This consists of parts of the talk which I understood well enough to explain with minimal jargons.

Most of the talk deals with the current limitations of deep learning when it comes to discovering abstractions and performing well on out of distribution data. Deep learning performs well only on tasks known as independent and identically distributed tasks. This means the test data can be assumed to come from the same distribution as training data. (Most of the popular supervised benchmarks)

Contents

  • Current DL vs DL 2.0
  • Meta Transfer Objective
  • Recurrent Independent Mechanisms

Current Deep Learning vs Deep Learning 2.0

The book "Thinking fast and thinking slow", talks about two intelligent systems inside our head.

System 1: This system is fast. It works on intuition and you cannnot consciously control it. This is similar to the current state of deep learning.

System 2: This system is slow. It is logical and conscious. It is reponsible for all sorts of planning, reasoning and long term executions. This is what Deep Learning can hopefully achieve in its next phase or version (Deep Learning 2.0)

There are two research projects that Bengio et. al. talked about in the direction of system 2 like models.

I. Meta Transfer Objective

Link to the paper

The objective is of this research is to learn representations of knowledge (eg, sensory inputs like images and audio) such that a model that works with these representations can quickly adapt to out-of-distribution data.

The setup

You have a training distribution which explains your training data. And you have a change in the training distribution which causes your test data to be diifferent.

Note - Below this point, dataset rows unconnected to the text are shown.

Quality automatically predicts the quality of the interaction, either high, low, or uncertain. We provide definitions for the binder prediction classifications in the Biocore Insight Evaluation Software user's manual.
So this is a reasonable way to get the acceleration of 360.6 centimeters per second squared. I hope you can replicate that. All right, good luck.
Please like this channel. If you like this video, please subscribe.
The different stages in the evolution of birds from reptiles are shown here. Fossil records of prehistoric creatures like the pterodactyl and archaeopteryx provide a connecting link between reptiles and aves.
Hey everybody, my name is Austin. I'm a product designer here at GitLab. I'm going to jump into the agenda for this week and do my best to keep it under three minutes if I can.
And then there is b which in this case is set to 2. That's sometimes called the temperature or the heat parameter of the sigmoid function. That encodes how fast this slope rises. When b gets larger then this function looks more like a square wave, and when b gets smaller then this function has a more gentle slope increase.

Here, data is any form of observations we take in a physical world.

Assumption #1: Any groud truth data (observations) is a composition of certain underlying independent mechanisms at work. For example, you see an apple fall, and determine that there is gravity at play here. Even if you have never seen your laptop fall (out of distribution), you know it will fall as the same gravitational mechanism is at play.

Assumption #2: Change in data distribution is due to one or very few of those underlying mechanisms changing by a little bit.
An example is when you put on sunglasses, every thing that you see seems darker, so it is a massive change when looking only at the observed signals (pixels in this case). But if you take into account this underlying mechanism about sunglasses being on or off, it explains the change in distribution of observed data (the things you see) in a simple fashion. This knowledge of underlying mechanism can help a model quickly adapt to this change in distribution.

The idea

If you learn bad representations of your data, your model will need a lot of out of distribution data to adapt to it, as it cannot identify the underlying mehanisms that generate that data, and hence cannot make changes corresponding to the few mechanisms that have changes.

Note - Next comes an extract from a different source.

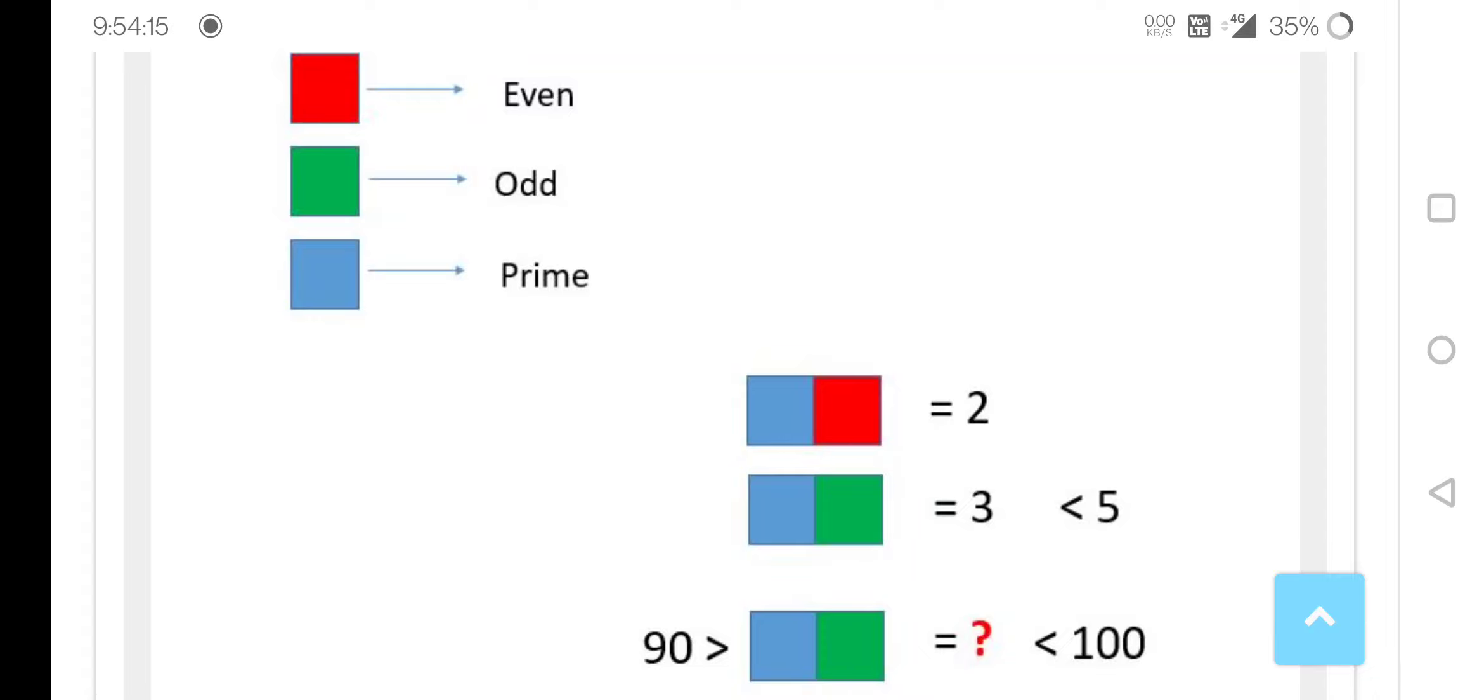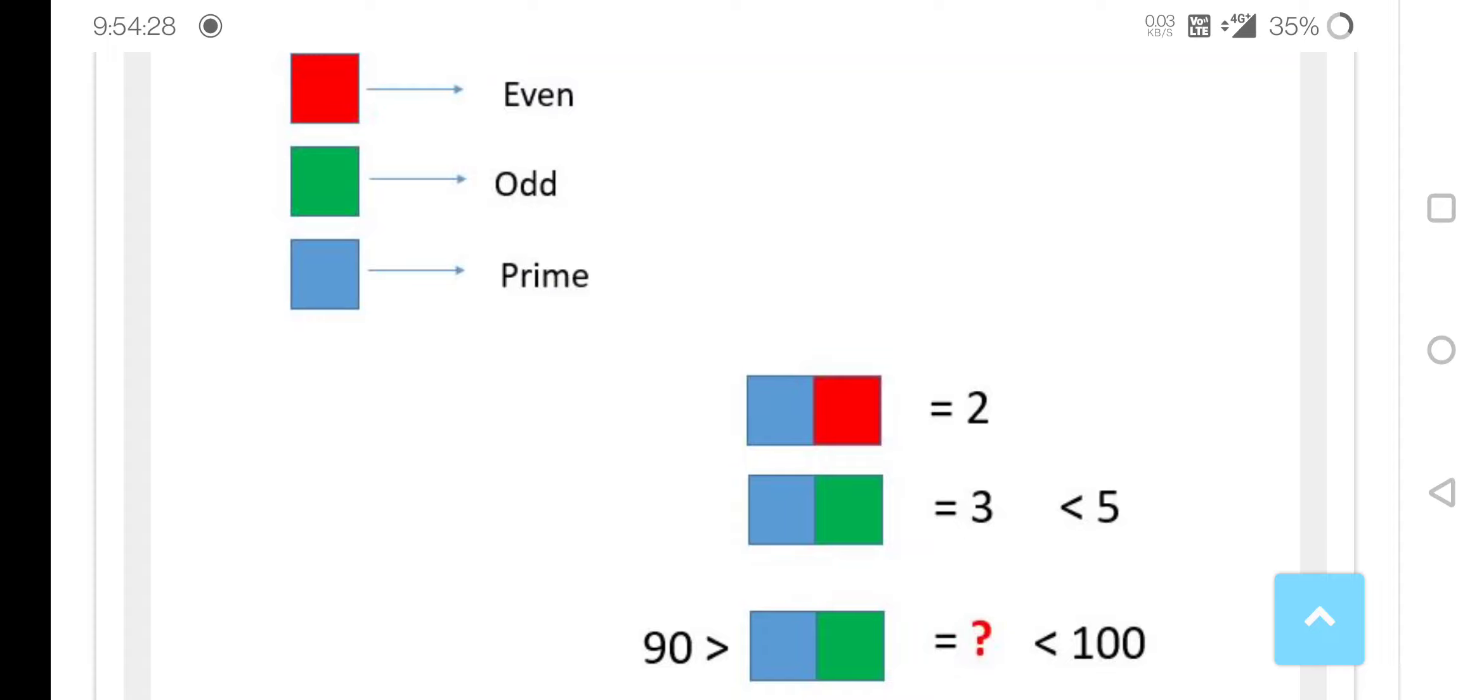Hi children, in this rebus you can see that red indicates even, green indicates odd, and blue indicates prime. Here we have some equations. We have here this blue and red and it is given as 2.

If you learn to convert your observations into good represnetations, that capture these underlying mechanisms and their relationships, your model would identify the mechanisms that have changed in the new out of distribution data. Therfore, it can quickly adapt to it by changing only a few parameters (corresponding to the changed underlying mechanisms).

Therefore, the speed of adapting to out of distribution data can be an objective function to chase after in order to learn good representations from your observations.

This means updating the parameters of an encoder network such that a model working with the representations it produces from your observations can quickly adapt to out of distribution inputs.

Doing this succesfully would mean that you have captured the underlying causal mechanisms behind your observations.

This is in contrast to current Deep Learning set ups where the model has a hard time adapting to out of distribution data as it has to basically retrain itself on a large amount of it to perform well.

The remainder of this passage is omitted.